#### RECORD EXCERPTS ####
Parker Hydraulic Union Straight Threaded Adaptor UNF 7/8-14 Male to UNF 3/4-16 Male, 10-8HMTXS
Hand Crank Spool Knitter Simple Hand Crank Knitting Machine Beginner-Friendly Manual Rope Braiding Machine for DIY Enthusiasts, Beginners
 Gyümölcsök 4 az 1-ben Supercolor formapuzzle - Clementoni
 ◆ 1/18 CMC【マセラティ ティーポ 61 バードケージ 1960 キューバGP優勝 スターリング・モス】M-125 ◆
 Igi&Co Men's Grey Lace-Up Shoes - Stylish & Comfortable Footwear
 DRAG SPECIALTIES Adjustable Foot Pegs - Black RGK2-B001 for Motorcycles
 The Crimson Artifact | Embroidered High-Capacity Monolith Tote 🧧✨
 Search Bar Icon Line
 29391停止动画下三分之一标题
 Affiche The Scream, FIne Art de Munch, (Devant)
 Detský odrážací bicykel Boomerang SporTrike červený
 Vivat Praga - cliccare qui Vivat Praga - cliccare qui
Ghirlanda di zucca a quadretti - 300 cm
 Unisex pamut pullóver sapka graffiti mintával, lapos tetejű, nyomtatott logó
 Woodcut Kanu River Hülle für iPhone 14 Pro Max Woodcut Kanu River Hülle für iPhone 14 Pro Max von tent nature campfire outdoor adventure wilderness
####
▶ TASK ITEM
The answer should be the exact lines running from the line containing "Igi&Co Men's Grey" to the last line of the entries, with nothing else.

▶ SOLVED PROBLEM
 Igi&Co Men's Grey Lace-Up Shoes - Stylish & Comfortable Footwear
 DRAG SPECIALTIES Adjustable Foot Pegs - Black RGK2-B001 for Motorcycles
 The Crimson Artifact | Embroidered High-Capacity Monolith Tote 🧧✨
 Search Bar Icon Line
 29391停止动画下三分之一标题
 Affiche The Scream, FIne Art de Munch, (Devant)
 Detský odrážací bicykel Boomerang SporTrike červený
 Vivat Praga - cliccare qui Vivat Praga - cliccare qui
Ghirlanda di zucca a quadretti - 300 cm
 Unisex pamut pullóver sapka graffiti mintával, lapos tetejű, nyomtatott logó
 Woodcut Kanu River Hülle für iPhone 14 Pro Max Woodcut Kanu River Hülle für iPhone 14 Pro Max von tent nature campfire outdoor adventure wilderness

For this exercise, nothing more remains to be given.